The copy has to match the data exactly and leave out every picture.
*** Opening Exercise data ***
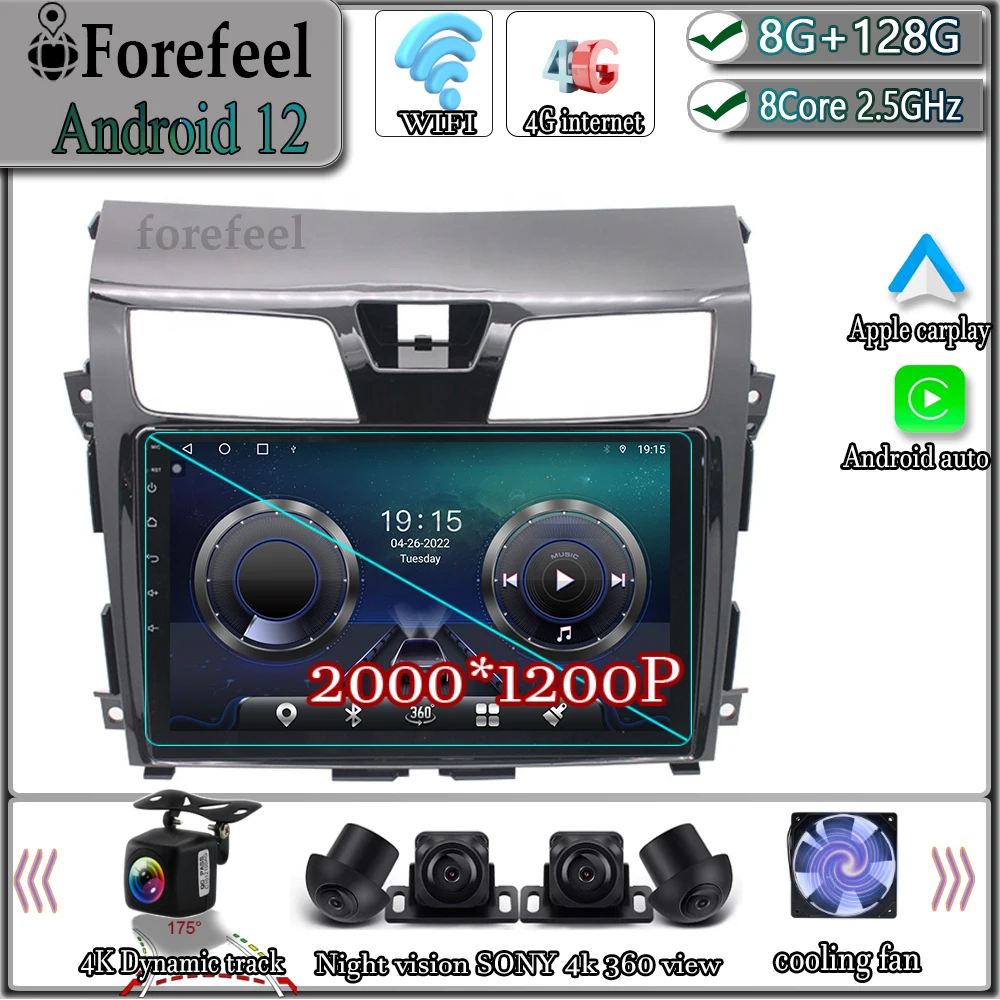 

Android 12 For Nissan Teana J33 2013 - 2015 Multimedia Navigation GPS Video Autoradio Player Car Stereo Carplay Monitor Radio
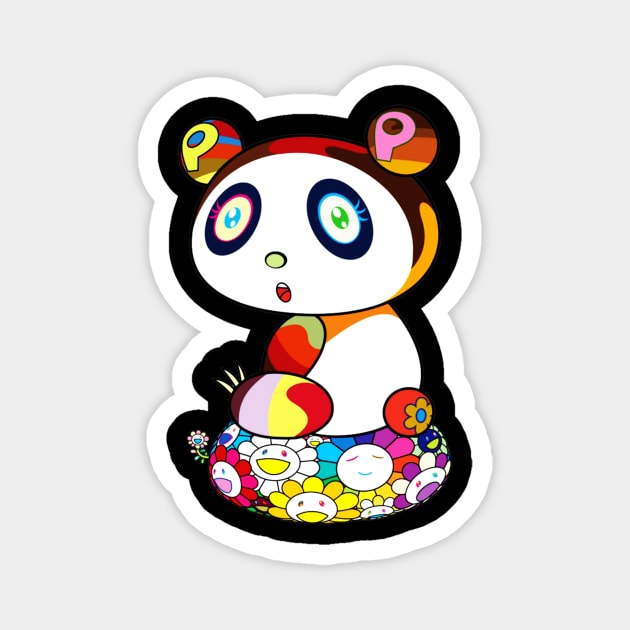 TAKASHI MURAKAMI HAPPY BEAR Magnet by lacosink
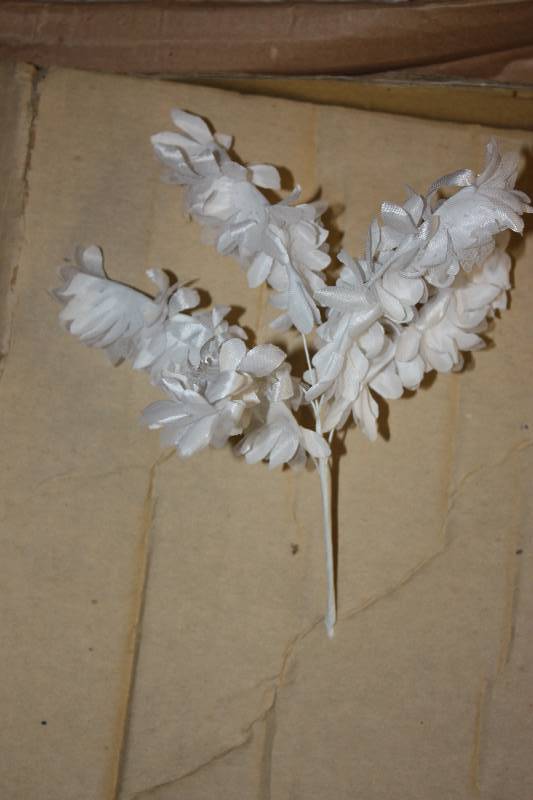 White Silk Flowers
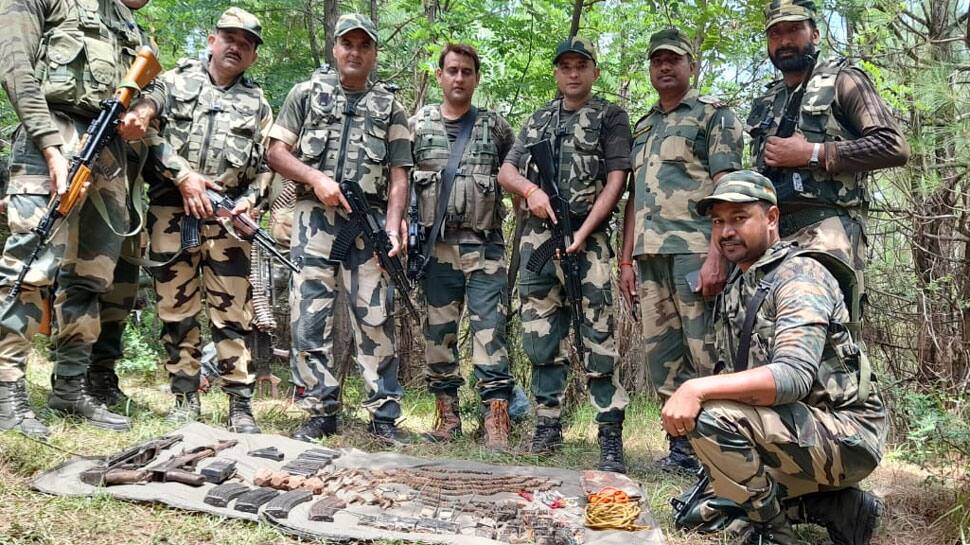 Ahead of Independence Day celebrations, terrorist hideout busted by BSF in J&amp;K&#039;s Poonch, huge cache of arms seized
*** Closing Exercise data ***
(Final answer):
Android 12 For Nissan Teana J33 2013 - 2015 Multimedia Navigation GPS Video Autoradio Player Car Stereo Carplay Monitor Radio
 TAKASHI MURAKAMI HAPPY BEAR Magnet by lacosink
 White Silk Flowers
 Ahead of Independence Day celebrations, terrorist hideout busted by BSF in J&amp;K&#039;s Poonch, huge cache of arms seized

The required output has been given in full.